### Task details
No pictures belong in the answer. Repeat all the entries exactly.

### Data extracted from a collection
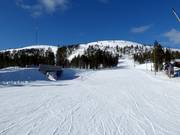 Lichte en brede familieafdaling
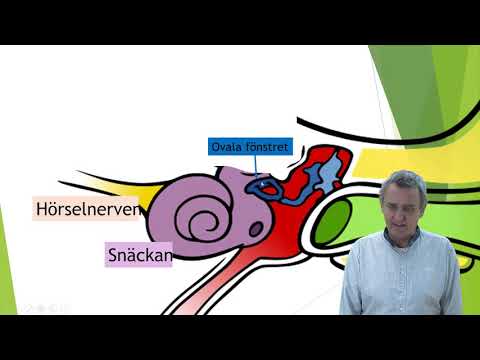 Video: Hörselorgan - Struktur, Funktioner, Sjukdomar, Behandlingsmetoder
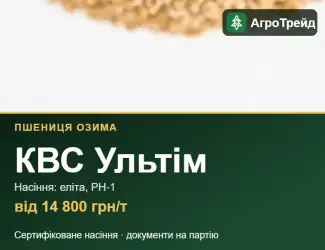 Зображення для оголошення Озима пшениця КВС Ультім — насіння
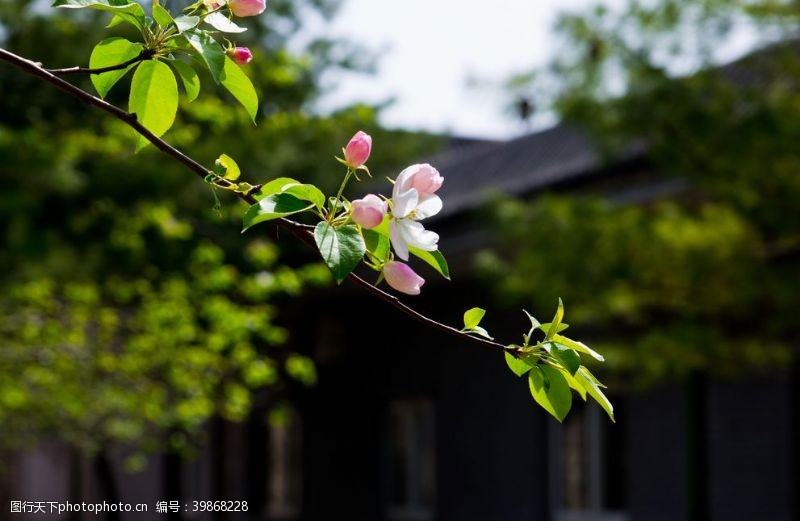 绿背景海棠花图片
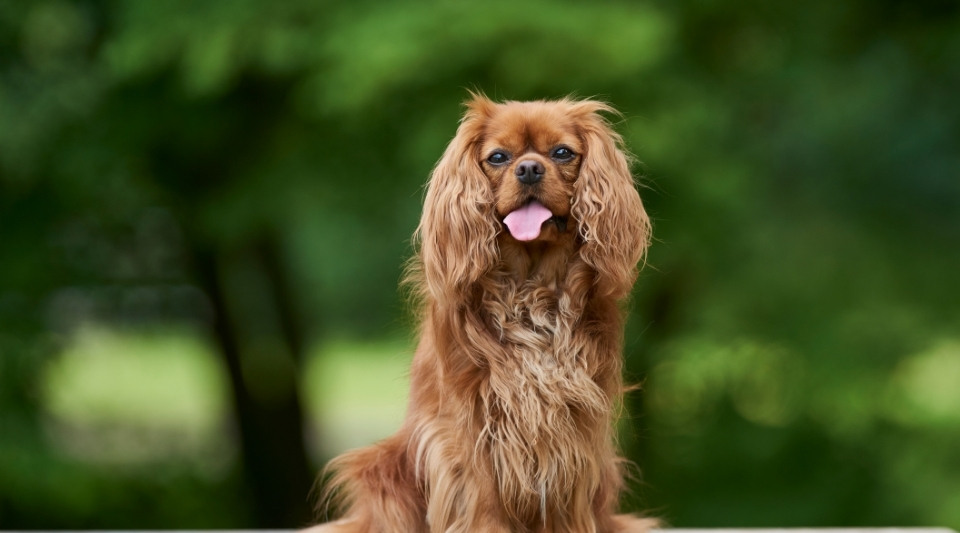 Cavalier King Charles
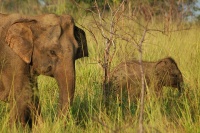Sloni na safari I. Sloni na safari I.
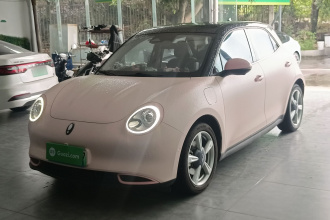 欧拉好猫 2021款 400km标准续航 雅典娜版 磷酸铁锂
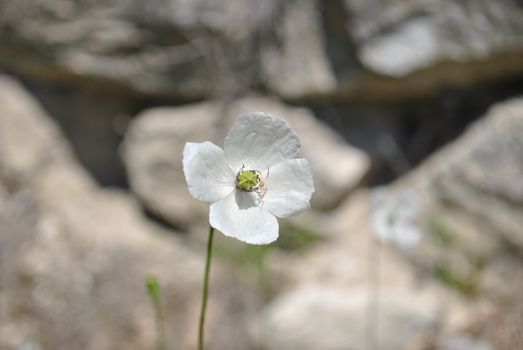 Detailed close-up of a white wildflower blooming in a rocky outdoor setting.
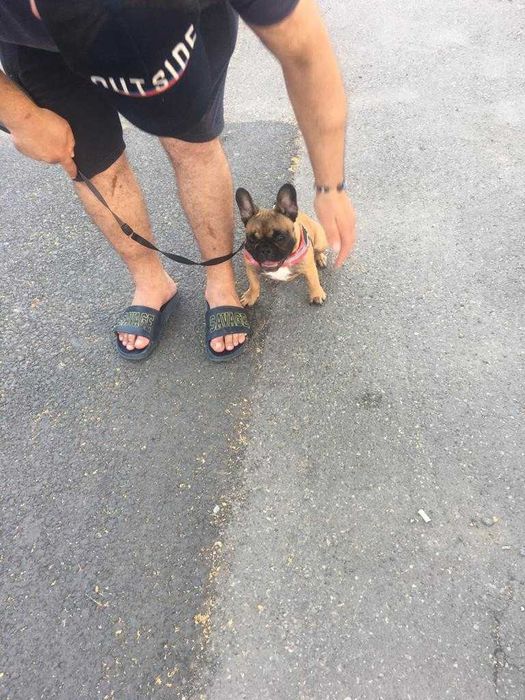 Dresaj canin la domiciliu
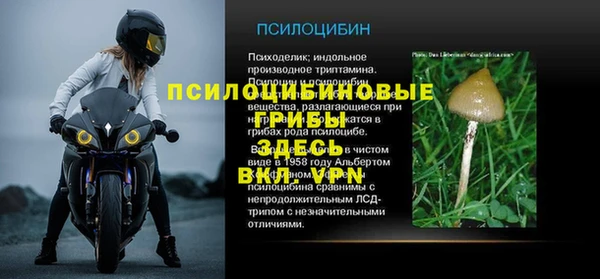 PSILOCYBIN Наволоки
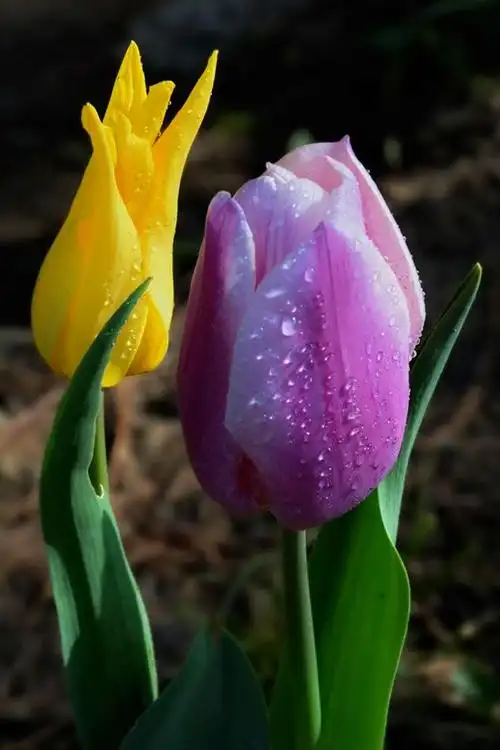 【赏花】一代名花郁金香8(学名:tulipa)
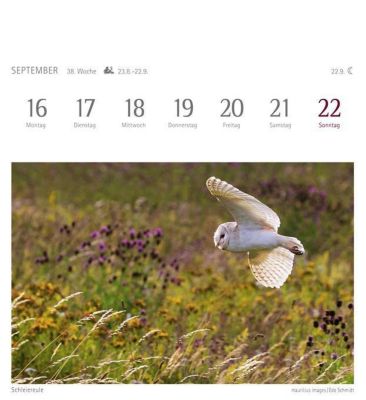 Eulen Kalender 2019 Kalender it 53 Postkarten PDF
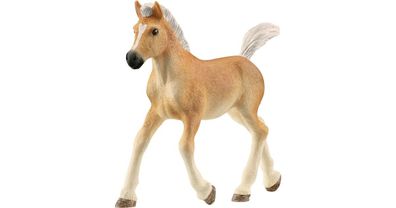 Horse Club Haflinger Fohlen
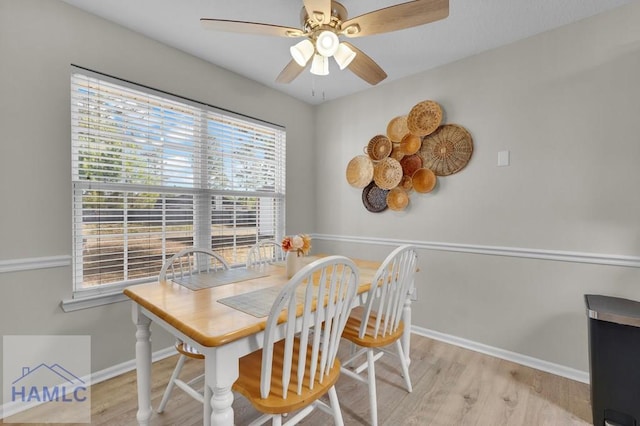 dining space featuring plenty of natural light, ceiling fan, and light wood-type flooring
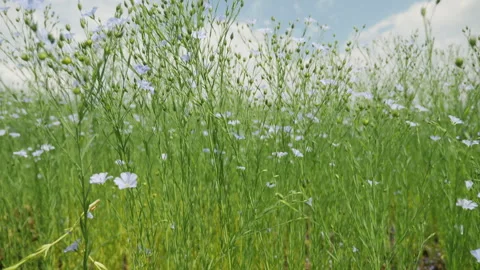 Bottom up view of green stems and blue flowers of flax in a field Stock Footage 315109429
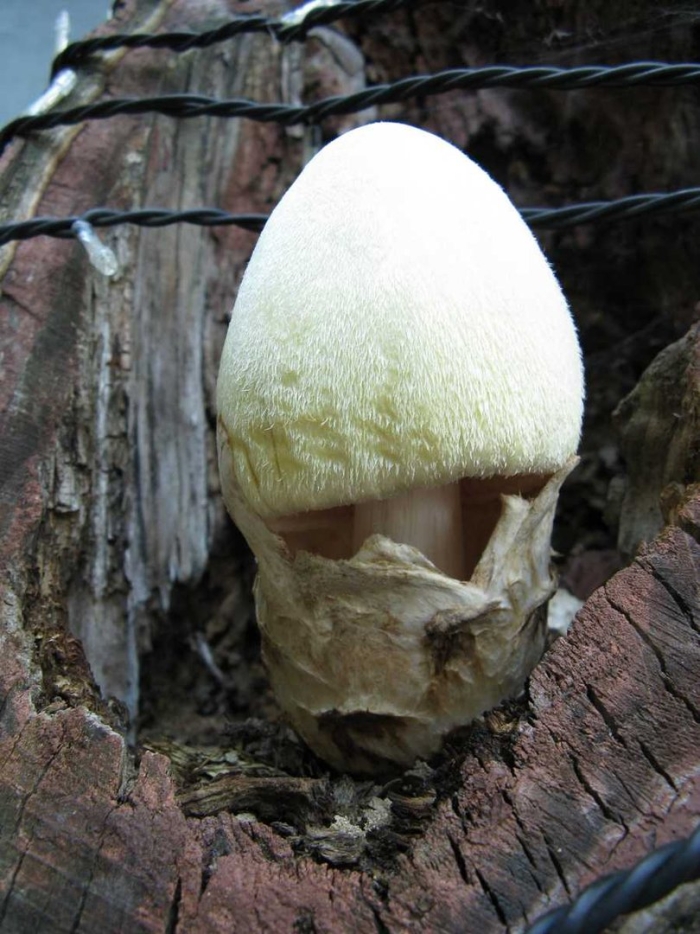 Вольвариелла шелковистая гриб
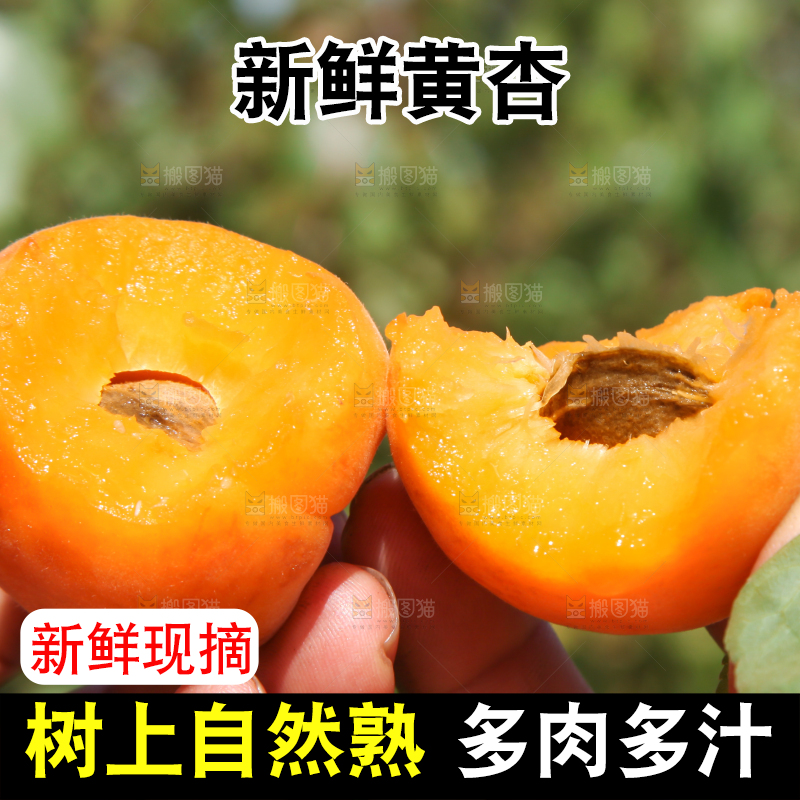 手拿着掰开的黄杏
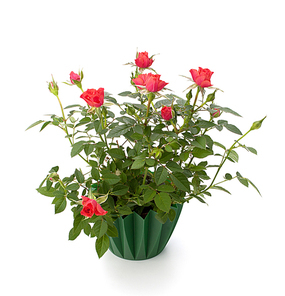 Beautiful rose in flowerpot  isolated on white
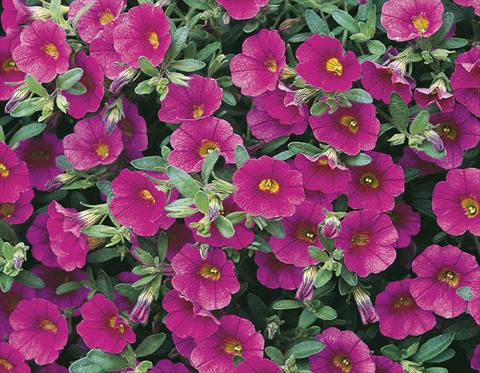 Photo de variété de fleurs à utiliser comme: Pot, Plante à massif, patio, Suspension Calibrachoa Callie® Rose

### Final answer
 Lichte en brede familieafdaling
 Video: Hörselorgan - Struktur, Funktioner, Sjukdomar, Behandlingsmetoder
 Зображення для оголошення Озима пшениця КВС Ультім — насіння
 绿背景海棠花图片
 Cavalier King Charles
Sloni na safari I. Sloni na safari I.
 欧拉好猫 2021款 400km标准续航 雅典娜版 磷酸铁锂
 Detailed close-up of a white wildflower blooming in a rocky outdoor setting.
 Dresaj canin la domiciliu
 PSILOCYBIN Наволоки
 【赏花】一代名花郁金香8(学名:tulipa)
 Eulen Kalender 2019 Kalender it 53 Postkarten PDF
 Horse Club Haflinger Fohlen
 dining space featuring plenty of natural light, ceiling fan, and light wood-type flooring
 Bottom up view of green stems and blue flowers of flax in a field Stock Footage 315109429
 Вольвариелла шелковистая гриб
 手拿着掰开的黄杏
 Beautiful rose in flowerpot  isolated on white
 Photo de variété de fleurs à utiliser comme: Pot, Plante à massif, patio, Suspension Calibrachoa Callie® Rose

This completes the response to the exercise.